* _Try it_:
Please print all of the records shown below, exactly as given.
Task material section start
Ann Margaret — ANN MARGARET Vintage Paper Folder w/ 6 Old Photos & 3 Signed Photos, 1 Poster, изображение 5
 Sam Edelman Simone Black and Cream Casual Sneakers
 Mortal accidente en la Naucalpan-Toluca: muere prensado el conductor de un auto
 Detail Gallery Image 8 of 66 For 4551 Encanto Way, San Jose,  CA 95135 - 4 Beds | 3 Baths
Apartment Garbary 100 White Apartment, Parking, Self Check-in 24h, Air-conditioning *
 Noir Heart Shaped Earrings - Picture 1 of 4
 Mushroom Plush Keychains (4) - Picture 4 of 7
Task material section end
* _Problem solution_:
Ann Margaret — ANN MARGARET Vintage Paper Folder w/ 6 Old Photos & 3 Signed Photos, 1 Poster, изображение 5
 Sam Edelman Simone Black and Cream Casual Sneakers
 Mortal accidente en la Naucalpan-Toluca: muere prensado el conductor de un auto
 Detail Gallery Image 8 of 66 For 4551 Encanto Way, San Jose,  CA 95135 - 4 Beds | 3 Baths
Apartment Garbary 100 White Apartment, Parking, Self Check-in 24h, Air-conditioning *
 Noir Heart Shaped Earrings - Picture 1 of 4
 Mushroom Plush Keychains (4) - Picture 4 of 7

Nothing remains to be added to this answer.